Quality sleep and Cancer Risk: Good Sleep Associated with Lower Cancer Rates

Two new studies link breathing problems with higher cancer rates and increased mortality.

Due to be presented in San Francisco this week at an American Thoracic Society conference, the findings underscore a major position of iSleep® for many years: disrupted breathing is linked to low blood oxygen levels. That lack of oxygen can trigger the development of tumors.

Sleep apnea is widely understood to be related to obesity, diabetes, high blood pressure, heart attacks, and strokes — conditions that are also linked to cancer.

One study, conducted at the University of Wisconsin School of Medicine and Public Health over 22 years, found that severe breathing problems at night increase the likelihood of dying from cancer by 4.8 times, compared to people who breathe well at night. People with moderate apnea were found to have double the risk of dying.
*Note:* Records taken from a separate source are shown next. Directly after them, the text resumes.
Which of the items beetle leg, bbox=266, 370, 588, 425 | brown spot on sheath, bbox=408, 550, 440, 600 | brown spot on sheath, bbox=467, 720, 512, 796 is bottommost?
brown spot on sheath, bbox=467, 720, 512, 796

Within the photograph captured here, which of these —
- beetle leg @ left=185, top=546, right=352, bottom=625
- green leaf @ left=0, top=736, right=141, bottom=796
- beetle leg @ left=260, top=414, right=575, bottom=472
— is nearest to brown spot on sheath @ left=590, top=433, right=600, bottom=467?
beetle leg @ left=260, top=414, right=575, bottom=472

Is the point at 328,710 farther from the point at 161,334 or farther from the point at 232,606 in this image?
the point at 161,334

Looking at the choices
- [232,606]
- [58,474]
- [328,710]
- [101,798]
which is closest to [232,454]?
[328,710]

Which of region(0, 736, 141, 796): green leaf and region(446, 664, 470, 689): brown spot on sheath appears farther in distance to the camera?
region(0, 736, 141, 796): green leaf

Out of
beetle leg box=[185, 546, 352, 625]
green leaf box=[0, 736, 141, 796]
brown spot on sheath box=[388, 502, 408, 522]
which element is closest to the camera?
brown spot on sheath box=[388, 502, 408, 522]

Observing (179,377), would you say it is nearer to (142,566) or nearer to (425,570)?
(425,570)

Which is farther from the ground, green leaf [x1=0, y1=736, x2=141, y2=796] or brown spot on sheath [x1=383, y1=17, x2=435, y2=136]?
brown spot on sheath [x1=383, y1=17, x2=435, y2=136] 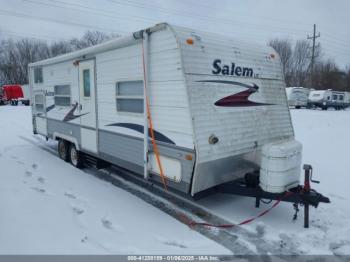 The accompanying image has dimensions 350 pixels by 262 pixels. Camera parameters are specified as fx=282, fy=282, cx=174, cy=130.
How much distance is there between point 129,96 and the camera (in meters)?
5.18

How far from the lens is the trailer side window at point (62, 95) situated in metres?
7.47

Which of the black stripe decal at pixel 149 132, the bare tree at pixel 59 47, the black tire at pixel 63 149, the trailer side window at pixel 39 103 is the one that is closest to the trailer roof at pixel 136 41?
the black stripe decal at pixel 149 132

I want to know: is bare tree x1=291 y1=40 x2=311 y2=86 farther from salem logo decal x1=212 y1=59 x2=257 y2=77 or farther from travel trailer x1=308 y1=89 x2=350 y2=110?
salem logo decal x1=212 y1=59 x2=257 y2=77

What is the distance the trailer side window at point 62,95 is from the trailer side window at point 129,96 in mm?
2553

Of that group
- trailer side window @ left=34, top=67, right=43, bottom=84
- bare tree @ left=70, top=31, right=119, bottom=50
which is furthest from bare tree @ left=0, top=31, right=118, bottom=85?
trailer side window @ left=34, top=67, right=43, bottom=84

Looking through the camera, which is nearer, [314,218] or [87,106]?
[314,218]

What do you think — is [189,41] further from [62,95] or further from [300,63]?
[300,63]

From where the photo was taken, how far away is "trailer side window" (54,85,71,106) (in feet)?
24.5

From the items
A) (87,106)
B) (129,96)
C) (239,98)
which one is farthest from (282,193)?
(87,106)

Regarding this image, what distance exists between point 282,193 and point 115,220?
8.73ft

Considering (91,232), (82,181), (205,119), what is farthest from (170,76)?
(82,181)

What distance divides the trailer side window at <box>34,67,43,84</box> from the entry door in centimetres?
297

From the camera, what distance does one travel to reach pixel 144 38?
14.9 feet

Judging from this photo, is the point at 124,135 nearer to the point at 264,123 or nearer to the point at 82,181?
the point at 82,181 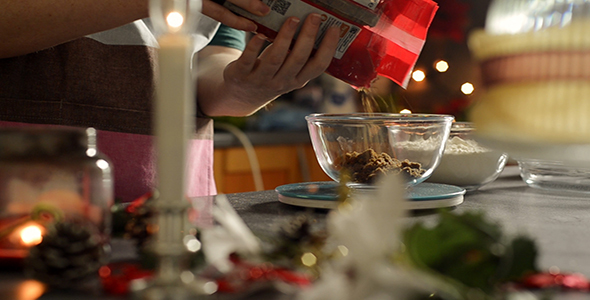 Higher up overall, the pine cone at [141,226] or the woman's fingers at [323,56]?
the woman's fingers at [323,56]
The second set of findings, from the Spanish Sleep Network, assessed the incidence of cancer, rather than the mortality rate.

Following 5,200 people over seven years, the study tracked oxygen depletion and found, for example, that people whose oxygen levels dipped during sleep, had a 68 percent greater chance of developing cancer, than people who did breathe well at night.

Dr. Nieto will presented his study May 20 at the American Thoracic Society 2012 International Conference in San Francisco. It will be published in the American Journal of Respiratory and Critical Care Medicine.